Simplifying Deep Learning Programming with Keras

Last post, I gave an introduction into programming a deep neural network with TensorFlow. The model worked quite well (98% accuracy on the test set) with only 150 lines of code, but it was arguably a bit complex.

The problem was we had to really dig into the nitty-gritty details of how we wanted our model to work. But a lot of times, we do not need to deal with that level of detail and the complexity that comes with it. This kind of problem occurs often in software engineering, and it is generally solved with a convenient library.

Keras is such a library: it does a great job of taking the complexity out of building a neural network, so you can focus on the interesting parts of training and utilizing the model. In this post I’ll walk through some of the basics of Keras and we will rebuild our MNIST handwritten-digit classifier in a much simpler program.

Keras: The Model Abstraction

In Keras, the fundamental abstraction is the Model object. We can design, train, and evaluate the Model without necessarily knowing the exact details. In this example, TensorFlow will be the backend that Keras will utilize behind the scenes, but Keras can actually function agnostic of its specific backend and run with TensorFlow, Theano, or CNTK.

There are a few different model types, but the one we will utilize is the Sequential model. The Sequential model view the network architecture as a sequence of layers strung together, one after another. This is exactly the architecture we used in our previous convolutional neural network. With Keras, we can stack our network layers like individual building blocks to create our overall model.

from keras.models import Sequential
model = Sequential()

Adding Layers

To add new layers to a Keras model, we simply call the add() function and pass in the layer we want to use. To recreate our previous convnet, we’ll need main kinds of layers: Dense for our fully connected layers, and Conv2D for our two dimensional convolutional layers. We’ll also need MaxPool2D and Dropout layers to utilize max pooling and dropout. Finally, a Flatten layer will be used to convert between our convolutional and fully connected layers.

from keras.layers import Dense, Conv2D, Dropout, Flatten
model.add(Conv2D(32, (5, 5), padding='same'), input_shape=(28, 28, 1))
model.add(MaxPooling2D(padding='same'))
model.add(Conv2D(64, (5, 5), padding='same'))
model.add(MaxPooling2D(padding='same'))
model.add(Flatten())
model.add(Dense(1024, activation='relu'))
model.add(Dropout(0.5))
model.add(Dense(256, activation='relu'))
model.add(Dropout(0.5))
model.add(Dense(10, activation='softmax'))

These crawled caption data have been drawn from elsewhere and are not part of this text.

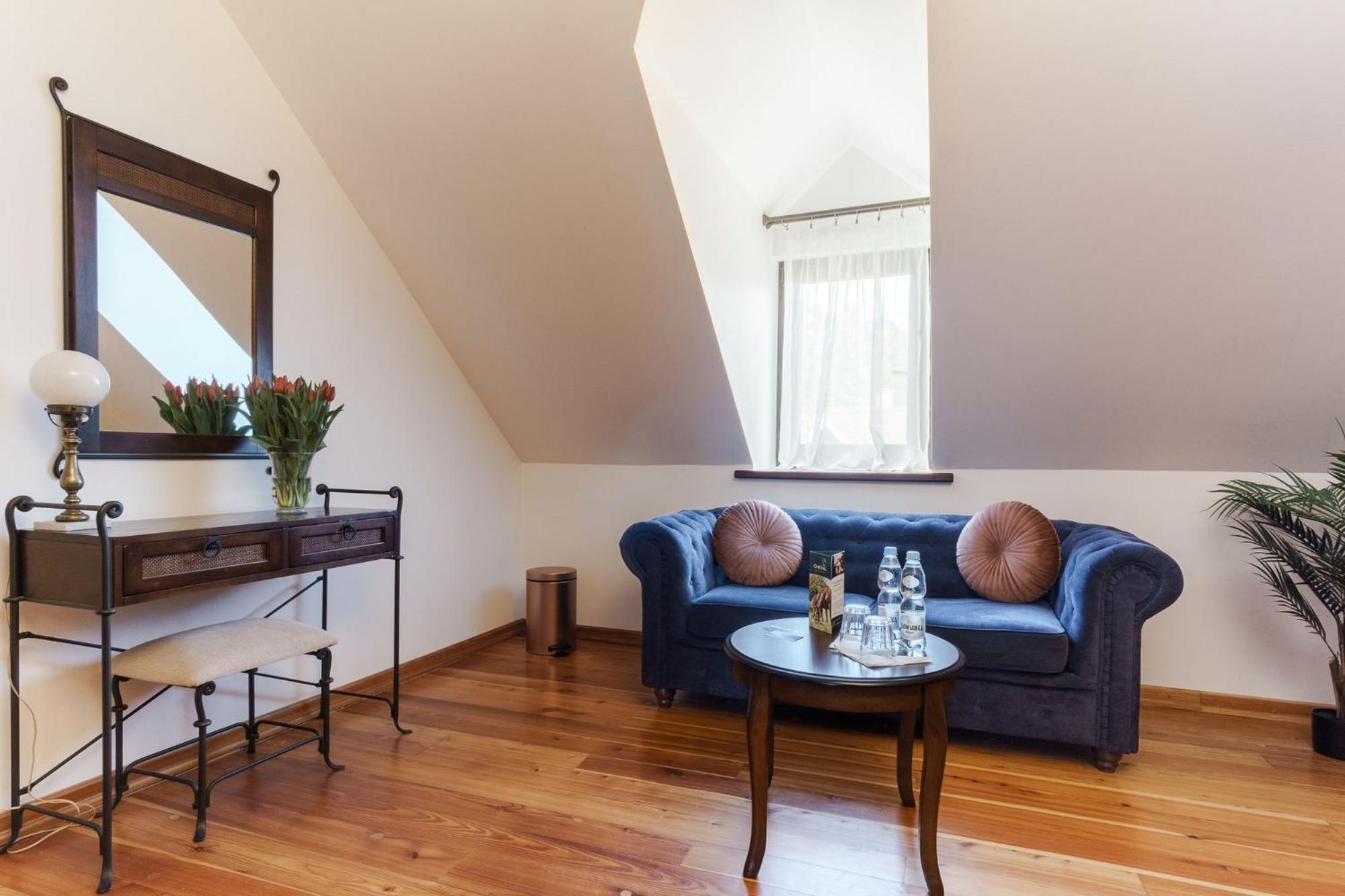 Apartamenty W Dworku Cheval クラクフ エクステリア 写真
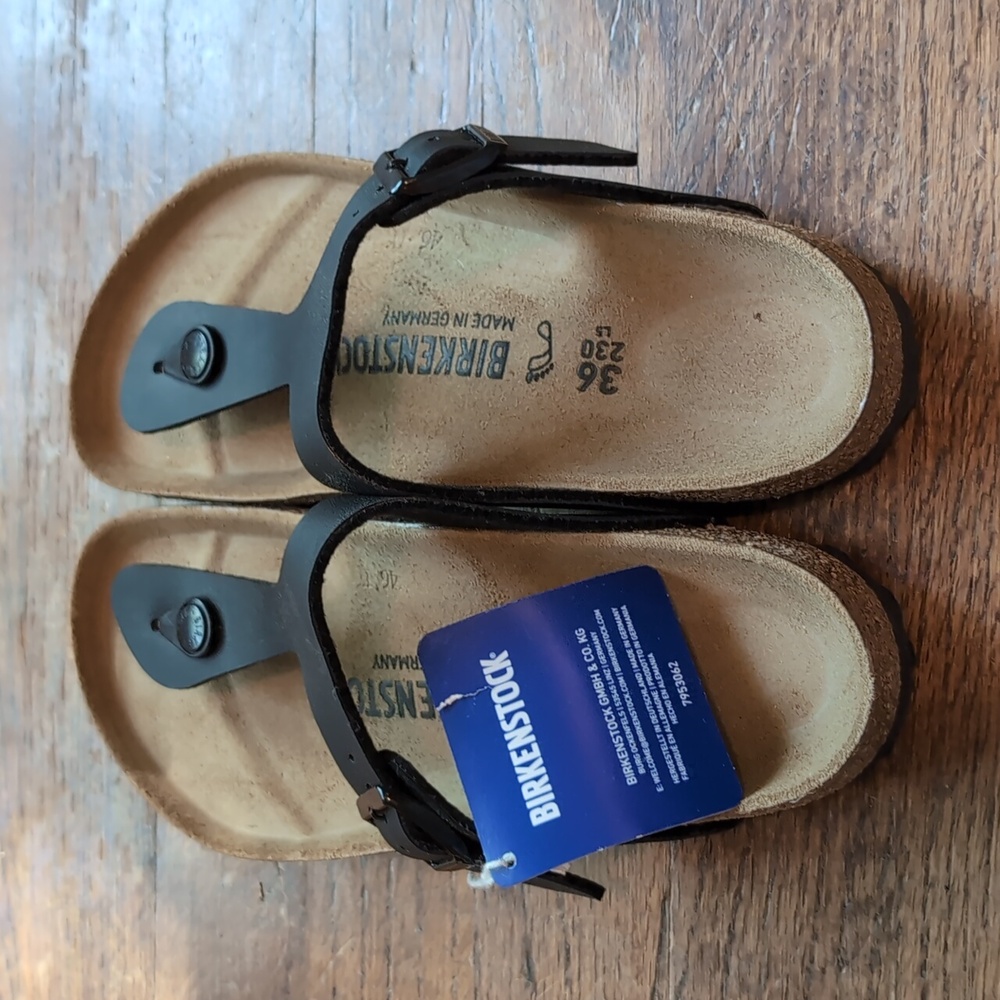 NWT Birkenstock Gizeh Black Size 36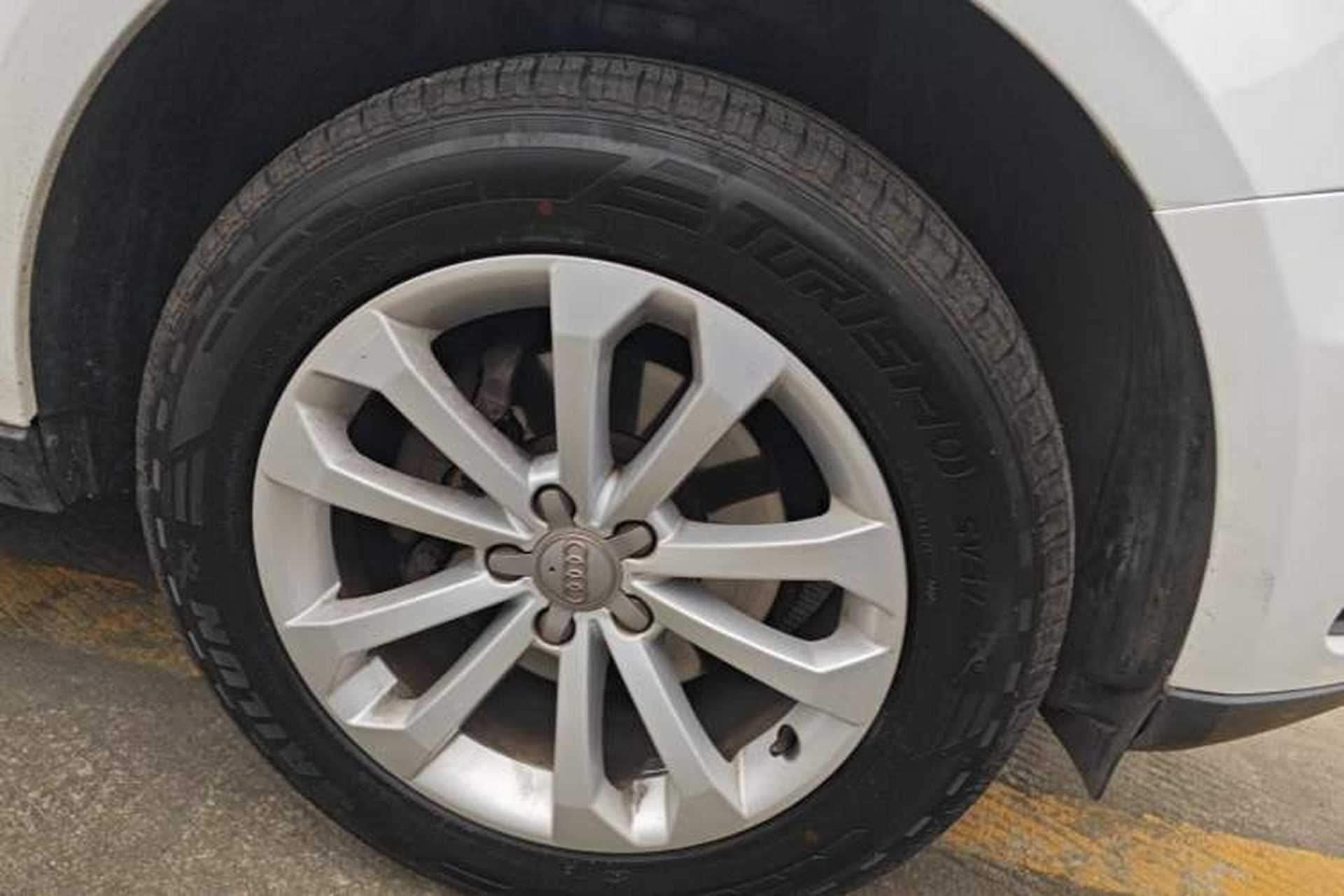 Used Audi Q5 2013 40 TFSI Technology Edition Right Front Wheel Hub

There’s a few things we should not here. The first layer we add() needs to take an additional argument: input_shape. This tells Keras the size of the inputs that we will feed into our model (in our case, a 28x28 pixel image for MNIST). For the Conv2D layers, the first argument represents the number of filters, followed by the dimensions of our convolution. The Dense layers take an argument that represents the number of neurons in that layer. We can also specify the activation function we want to use by a keyword argument, as we did here. Alternatively, we could have added an Activation layer.

Compiling and Training the Model

Now that we have defined what our convnet will look like by stacking all of our layers into our model, we can get ready to start training our model on the data set. However, first we need to compile the model. Since Keras serves as a high-level wrapper of other machine learning libraries, it needs to convert our Keras-defined model into a model of our backend. Additionally, we will need to specify some other attributes of our training procedure.

from keras.optimizers import Adadelta
model.compile(optimizer=Adadelta(),
              loss='categorical_crossentropy',
              metrics=['accuracy'])

Here we specify that training will use the Adadelta optimizer, our loss function is defined by the cross entropy of the output (since this is a classification task), and we want to optimize over the accuracy of the model.

Next, we can get our training data ready. Luckily, Keras even has some common data sets built in.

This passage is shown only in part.